Je suis en train de terminer l’avant dernier roman d’Umberto Eco : Baudolino. Il est depuis très longtemps dans ma bibliothèque, mais faible d’esprit que je suis, je me suis laissée entrainée par les critiques acerbes contre ce livre et j’ai repoussé sa lecture. Mal m’en a pris, car finalement c’est un bon roman. Certes pas aussi brillant que le Pendule de Foucault, mais la finesse, l’intelligence et la sapience d’Eco font toujours œuvre.
Baudolino s’en va trouver le mythique royaume du Prêtre Jean… je passe, là n’est pas mon propos du soir. Il se retrouve, avec une bande d’amis, dans une cité qui semble être aux portes du royaume, peuplée de créatures étranges, Géant, Sciapodes (êtres avec une seule jambes), Panoties aux grandes oreilles, Ennuques, etc… Le héros tombe alors follement amoureux d’une sorte d’amazone médiévale, une Hypatie. La belle lui raconte qu’elle fait partie d’une communauté de femmes, retirées du monde et vénérant la philosophe Hypatie, martyrisée par les chrétiens d’Alexandrie. A la lecture de ces pages, quand la belle Hypatie (toutes les dames portent ce nom) explique sa philosophie à Baudolino, j’ai reconnu les préceptes de la Gnose et du néoplatonicisme : Dieu l’Unique est inconnaissable par l’intelligence humaine finie, on ne peut le connaître qu’on disant ce qu’il n’est pas. L’Unique est Un, c’est-à-dire qu’il contient la parfaite harmonie des opposés. C’est le Démiurge, pâle duplicata du Dieu infini qui se peut être Créateur, qui lui a engendré le monde. Pourquoi Dieu ne pourrait être le Créateur du monde ? Parce que le Mal règne sur le monde et que le Dieu unique et parfait ne pourrait se diviser pour créer et surtout parce que la source du Bien ne saurait être le créateur du Mal.
Je suis donc allée un peu voir qui était cette Hypatie…
Ce nom me disait quelque chose : philosophe, mathématicienne, astronome dans l’Alexandrie du IVe siècle de notre ère, elle enseignait aux notables de la cité cosmopolite la philosophie de Plotin. Fille de Théon, elle se consacra à la philosophie. Elle mourut lapidée par les fanatiques chrétiens quand, à la fin de l’Empire romain, ces derniers prenaient leur revanche sur les païens qui autrefois les avaient martyrisés.

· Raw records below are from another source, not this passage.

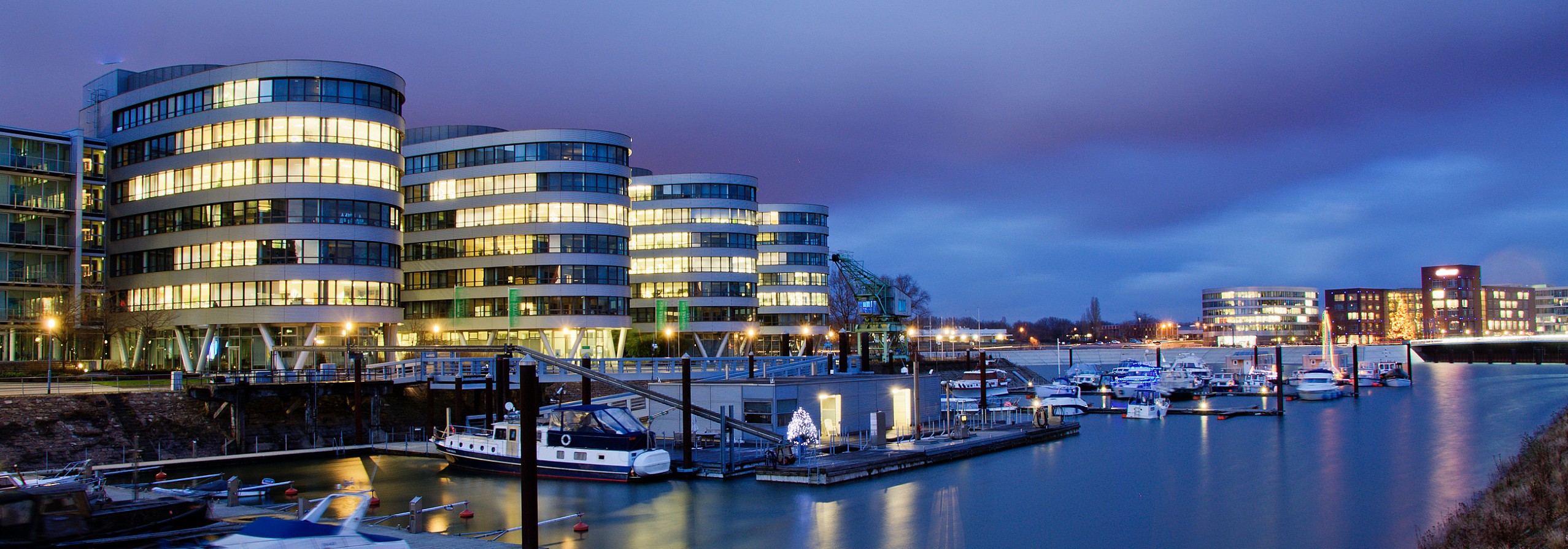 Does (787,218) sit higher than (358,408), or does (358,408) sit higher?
(787,218)

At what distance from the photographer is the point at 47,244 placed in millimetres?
72250

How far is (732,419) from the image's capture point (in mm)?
47562

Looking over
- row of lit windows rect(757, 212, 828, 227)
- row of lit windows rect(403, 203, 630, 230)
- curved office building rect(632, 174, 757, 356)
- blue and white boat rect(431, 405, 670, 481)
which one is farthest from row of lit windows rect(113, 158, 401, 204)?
row of lit windows rect(757, 212, 828, 227)

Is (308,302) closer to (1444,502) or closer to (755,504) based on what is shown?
(755,504)

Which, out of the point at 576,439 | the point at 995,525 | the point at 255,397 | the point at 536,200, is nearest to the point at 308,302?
the point at 255,397

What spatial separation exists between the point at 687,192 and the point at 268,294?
176 feet

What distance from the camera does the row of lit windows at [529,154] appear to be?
89188mm

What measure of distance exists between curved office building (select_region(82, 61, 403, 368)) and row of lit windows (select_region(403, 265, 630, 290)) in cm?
1643

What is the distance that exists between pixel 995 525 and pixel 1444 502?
18738 mm

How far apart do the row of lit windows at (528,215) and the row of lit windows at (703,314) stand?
730 inches

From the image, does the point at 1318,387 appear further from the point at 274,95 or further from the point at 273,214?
the point at 274,95

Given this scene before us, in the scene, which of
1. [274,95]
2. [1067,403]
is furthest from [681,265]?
[274,95]

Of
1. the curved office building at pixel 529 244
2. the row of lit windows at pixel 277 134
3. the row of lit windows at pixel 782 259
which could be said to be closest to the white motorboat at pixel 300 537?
the row of lit windows at pixel 277 134

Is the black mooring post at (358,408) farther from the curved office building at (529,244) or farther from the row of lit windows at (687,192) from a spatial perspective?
the row of lit windows at (687,192)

Cette époque troublée, fait de luttes intestines entre les religions et de fanatisme comme seuls peuvent le faire naître les monothéismes, est en totale opposition avec ces temps mythiques de l’Alexandrie hellénistique, berceau du Savoir, écrin de la Bibliothèque, où toutes les pensées d’Orient et d’Occident vivaient en harmonie.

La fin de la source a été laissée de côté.